时间:2023-07-25 理论教育 版权反馈
【摘要】:仅仅一小撮当权者的言行便足以使战火瞬息间燃遍世界。1941年12月8日,日本对英、美宣战,至此整个人类都被卷进了一场战争灾难之中。战争初期,局势发展有利于日本,统制会的各项工作蓬勃发展。原来,海军方面为东山再起将400余架战斗机和轰炸机作为最后赌注运往莱特岛,但没想到这所剩无几的战斗力竟在转瞬之间拼了个精光,噩耗使这个在枪林弹雨中出生入死的男人痛不欲生。

日本对英美宣战,全球卷入战争灾难

世上最可怕的莫过于人的欲望及男人们对权力的崇拜。仅仅一小撮当权者的言行便足以使战火瞬息间燃遍世界。这些人似乎不明白动荡终会有平息的一天。只知道将硝烟引向欧洲大地,一手发动了第二次世界大战。

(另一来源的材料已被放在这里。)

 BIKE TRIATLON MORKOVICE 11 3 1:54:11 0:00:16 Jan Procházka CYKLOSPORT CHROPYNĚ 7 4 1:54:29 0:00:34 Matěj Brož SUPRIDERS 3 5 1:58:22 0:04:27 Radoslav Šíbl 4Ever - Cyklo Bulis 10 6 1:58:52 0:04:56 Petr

1941年12月8日,日本对英、美宣战,至此整个人类都被卷进了一场战争灾难之中。为适应这种政局,钢铁联盟改为战时体制,发展成为钢铁统制会(1941年4月26日成立)。我于1941年5月,继步水野、汤川之后被派驻进钢铁统制会。

渐渐地统制越来越严。偏在这时,父亲为我在赤坂传马町他名下的一块495平方米的狭长地皮上建造了一所占地136平方米的颇象样的木结构两层楼房。当然那时政府正在实施建筑限制法,占地99平方米以上的住宅建筑都在被禁之列。可父亲想方设法,终于获得了允许范围内的最大平方米数的建筑许可。无奈天网恢恢疏而不漏,父亲知法却不甘安分,可叹好好的一座新楼房,没住几年便遭夭诛,被美国飞机投下的燃烧弹化为灰烬。

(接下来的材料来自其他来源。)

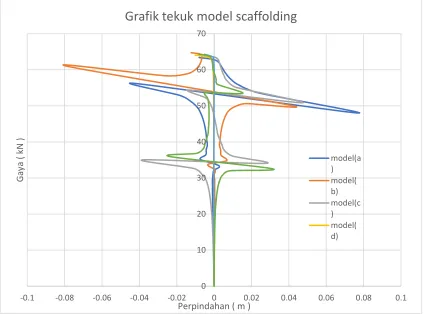 Grafik tekuk model scaffolding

战争初期,局势发展有利于日本,统制会的各项工作蓬勃发展。并在与军部及军需省的密切合作下确立了钢铁的增产体制,完善了配给机构,还集中了战时物……工作进展日新月异。

但是,自从报纸开始吹嘘“空中防线”,我们的热火朝天的工作便走上了下坡路。而当一般居民开始疏散时,统制会则开始把向内地迁厂和建地下工厂的计划正式提到了议事日程上。美国飞机终于冲破了号称钢墙铁壁的空中防线,开始对日本进行日趋升级的狂轰滥炸,防空壕工程也随之遍地开花,紧接着,各地钢铁厂不断报来空袭损失。事态发展到这一步,军部是无论如何也无法遮掩了,每日报道战果的同时,也开始在不引人注目的条件下轻描淡写地报道损失了。

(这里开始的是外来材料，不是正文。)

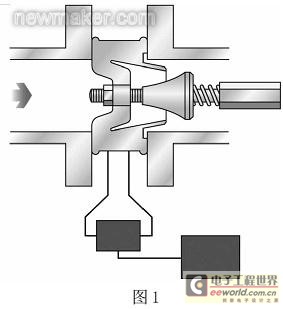 newmaker.com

1944年下半年,大概是快到年底的时候,我同往常一样去统制会的赤习察参加制定工厂疏散计划的工作。深町海军大佐正在等我,见我来了他突然伏到我膝头上痛哭起来:“完了,全都破灭了!”原来,海军方面为东山再起将400余架战斗机轰炸机作为最后赌注运往莱特岛,但没想到这所剩无几的战斗力竟在转瞬之间拼了个精光,噩耗使这个在枪林弹雨中出生入死的男人痛不欲生。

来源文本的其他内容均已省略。